- Task -
Copy every entry below exactly as it appears, leaving out the images.

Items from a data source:
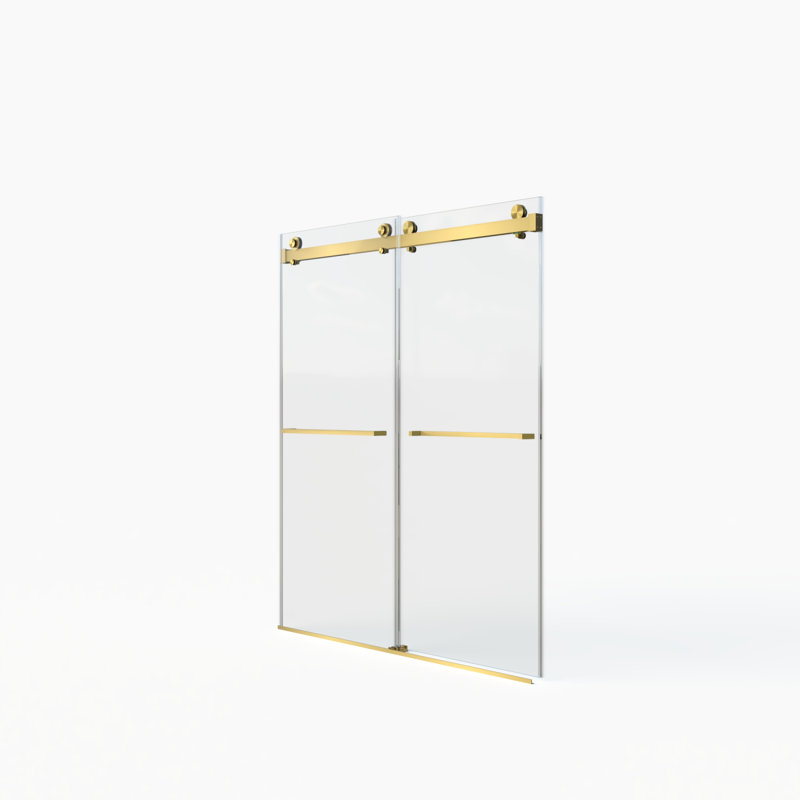56-60"W X 70"H Frameless Double Sliding Shower Door,5/16" (8Mm) Thick SGCC Tempered Clear Glass,Double Side Easy Clean Coat,Brushed Gold Finished With Buffer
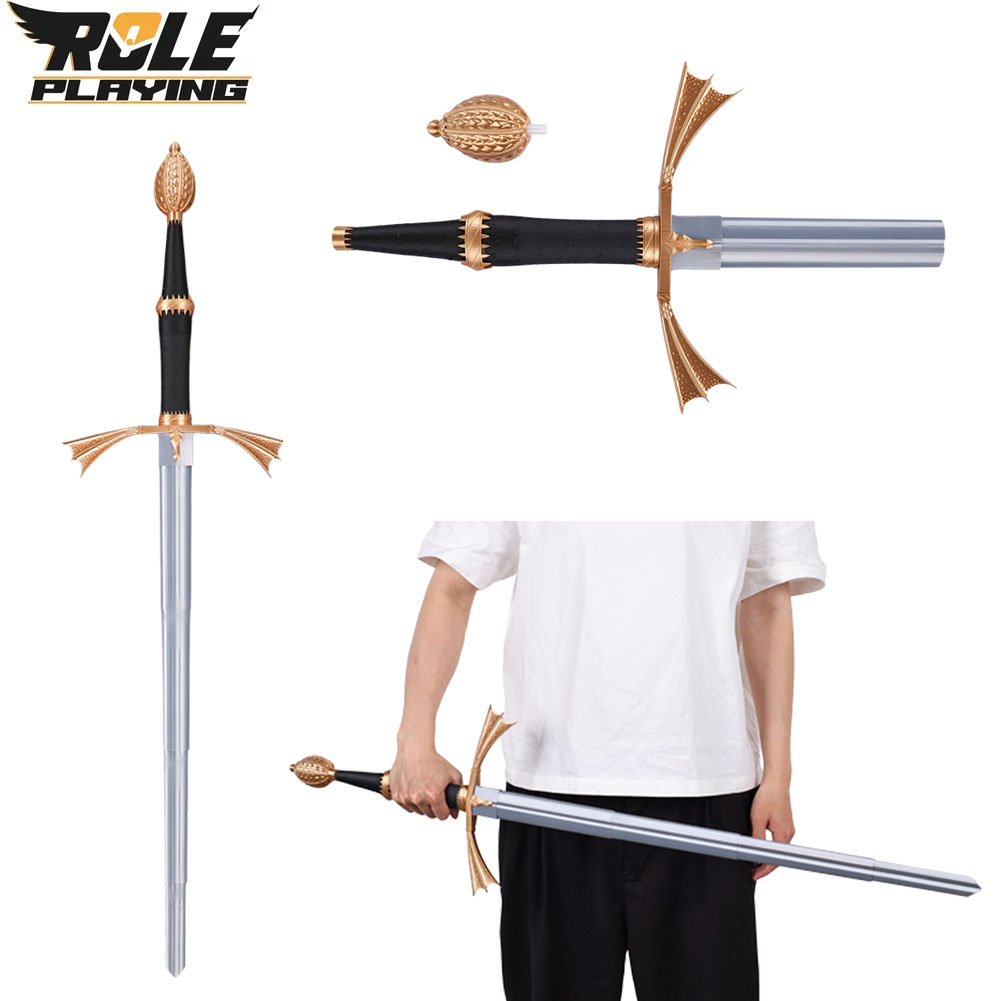 Cosplay Prop Dagger - ดาบพลาสติกสีเงินแบบพับได้สำหรับคอสเพลย์ ดาบมังกร อุปกรณ์ตกแต่งชุดแฟนซีสำหรับผู้ใหญ่ชาย ของตกแต่งคอสเพลย์ ดาบปลอม สำหรับฮาโลวีน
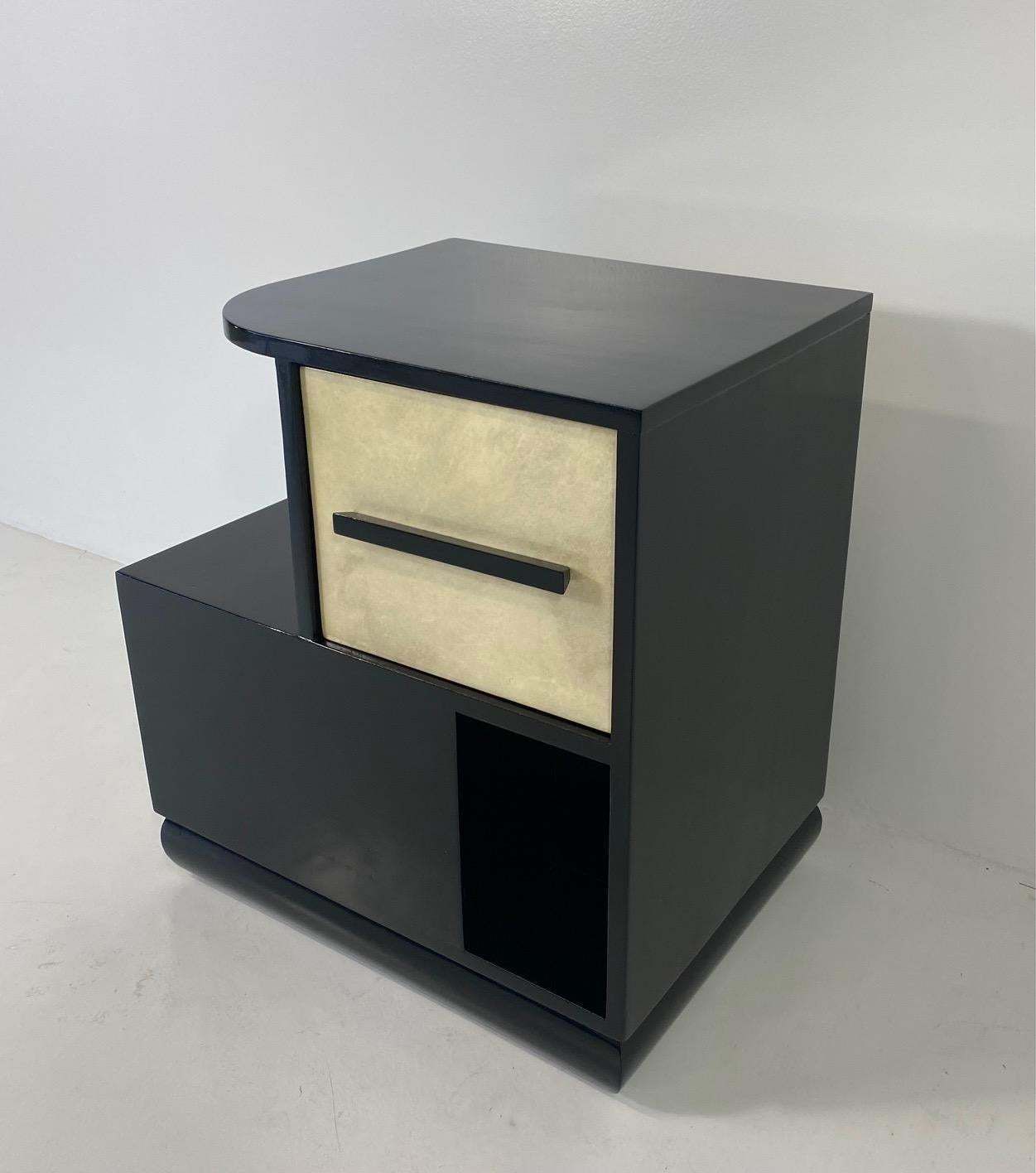 photo for sale Italian Art Deco Parchment And Black Lacquer Cabinet, 1940s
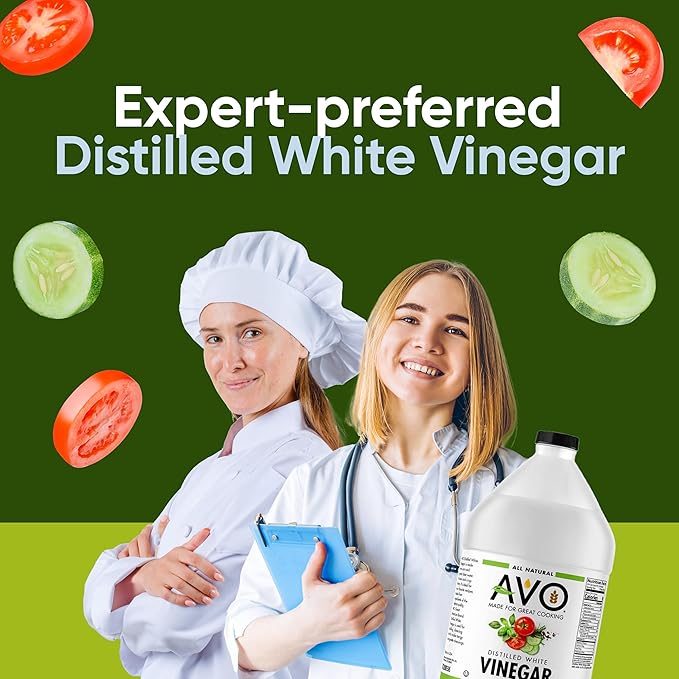 AVO 1 Gallon (128 oz) Pure Natural Distilled White Vinegar - 5% Acidity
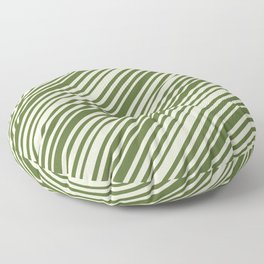 [ Thumbnail: Beige & Dark Olive Green Colored Pattern of Stripes Floor Pillow ]
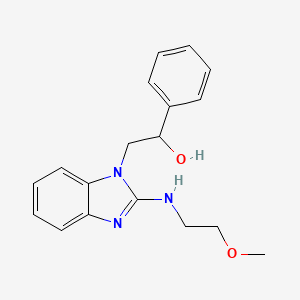 molecular formula C18H21N3O2 B12481148 2-{2-[(2-methoxyethyl)amino]-1H-benzimidazol-1-yl}-1-phenylethanol 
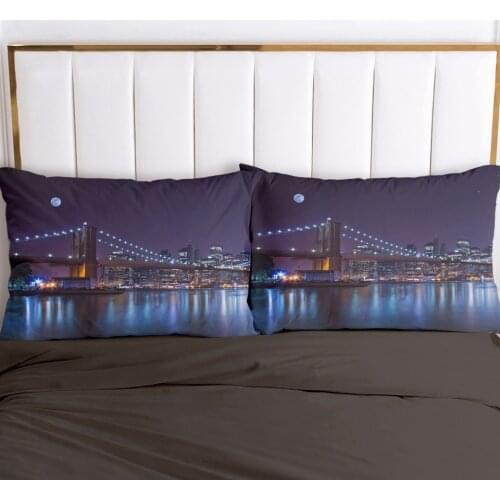 2pc Pillow Case Pillowcase 50x70 50x75 50x80 50x90 80x80 70x70 Decorative Pillow Cover City bridge Bedding pillowslip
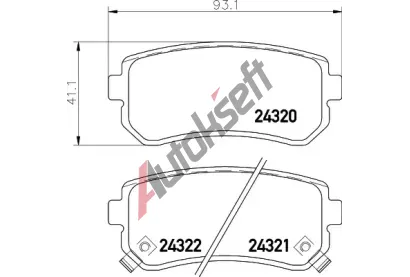 HELLA Sada brzdovch destiek HE 8DB355006-961, 8DB 355 006-961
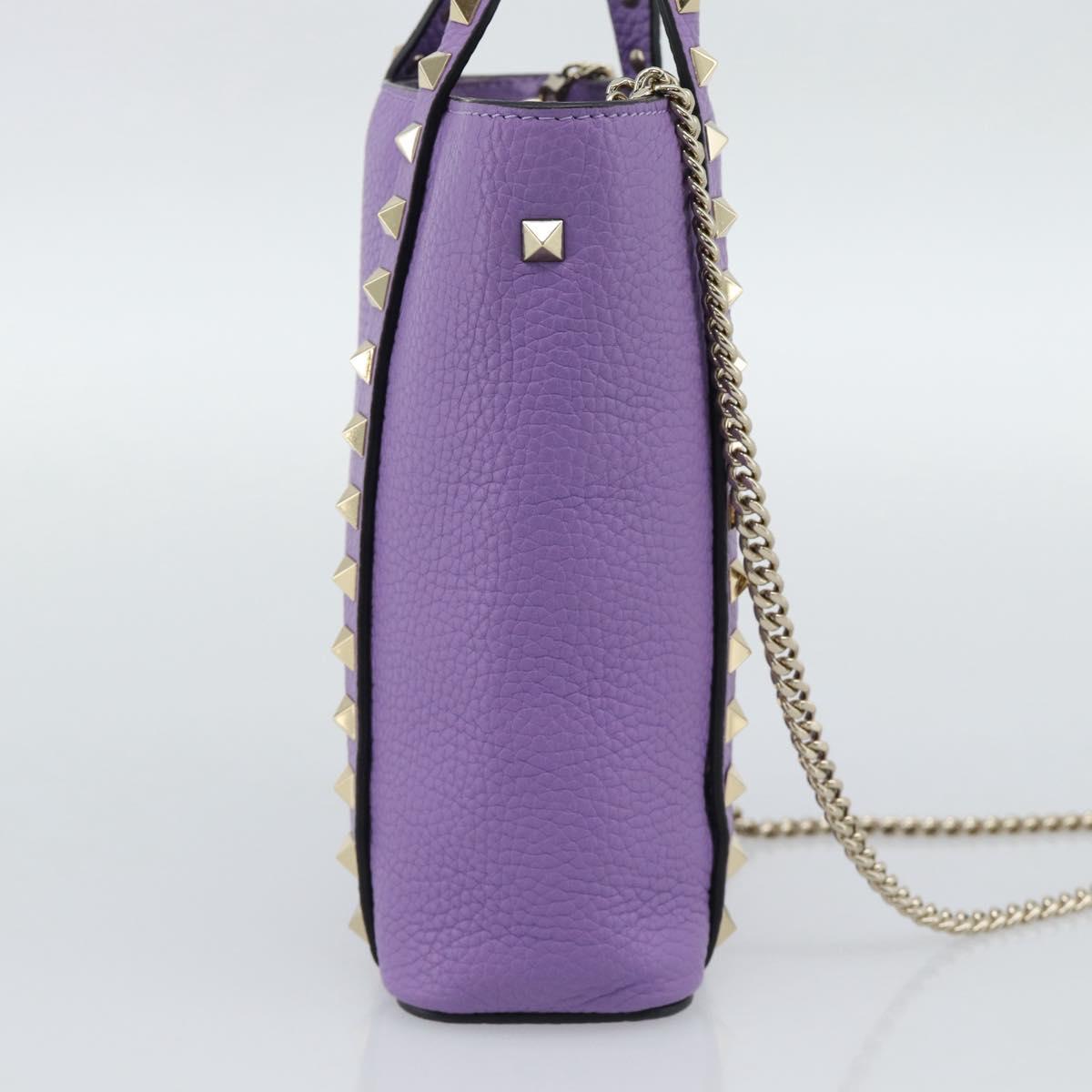 VALENTINO Hand Bag Leather 2way Purple Gold Auth ar14065V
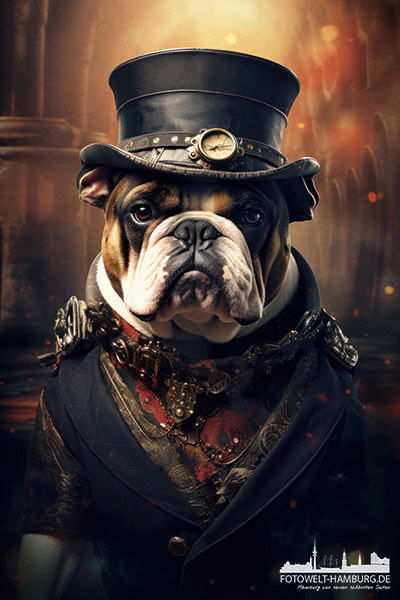 Steampunk Bulldogge - digitales Gemälde als Kunstdruck auf Leinwand, Acrylglas oder als Poster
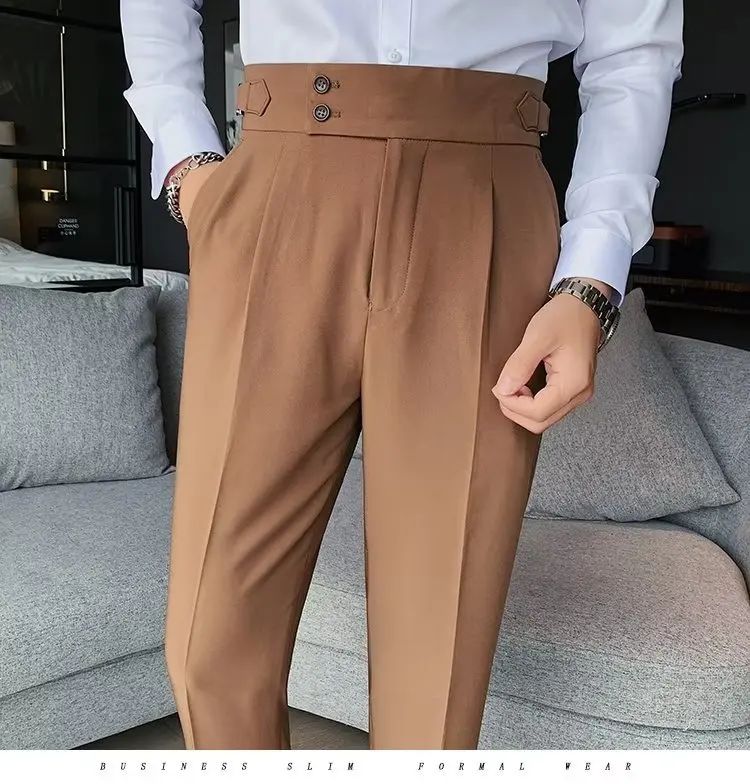 Calça Masculina Nadir Coffee Color Clássica Estilosa Paris Botão Prega Única Emagrece Suaviza Sua Silhueta Calça Social Casual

- Your solution -
56-60"W X 70"H Frameless Double Sliding Shower Door,5/16" (8Mm) Thick SGCC Tempered Clear Glass,Double Side Easy Clean Coat,Brushed Gold Finished With Buffer
 Cosplay Prop Dagger - ดาบพลาสติกสีเงินแบบพับได้สำหรับคอสเพลย์ ดาบมังกร อุปกรณ์ตกแต่งชุดแฟนซีสำหรับผู้ใหญ่ชาย ของตกแต่งคอสเพลย์ ดาบปลอม สำหรับฮาโลวีน
 photo for sale Italian Art Deco Parchment And Black Lacquer Cabinet, 1940s
 AVO 1 Gallon (128 oz) Pure Natural Distilled White Vinegar - 5% Acidity
 [ Thumbnail: Beige & Dark Olive Green Colored Pattern of Stripes Floor Pillow ]
 molecular formula C18H21N3O2 B12481148 2-{2-[(2-methoxyethyl)amino]-1H-benzimidazol-1-yl}-1-phenylethanol 
 2pc Pillow Case Pillowcase 50x70 50x75 50x80 50x90 80x80 70x70 Decorative Pillow Cover City bridge Bedding pillowslip
 HELLA Sada brzdovch destiek HE 8DB355006-961, 8DB 355 006-961
 VALENTINO Hand Bag Leather 2way Purple Gold Auth ar14065V
 Steampunk Bulldogge - digitales Gemälde als Kunstdruck auf Leinwand, Acrylglas oder als Poster
 Calça Masculina Nadir Coffee Color Clássica Estilosa Paris Botão Prega Única Emagrece Suaviza Sua Silhueta Calça Social Casual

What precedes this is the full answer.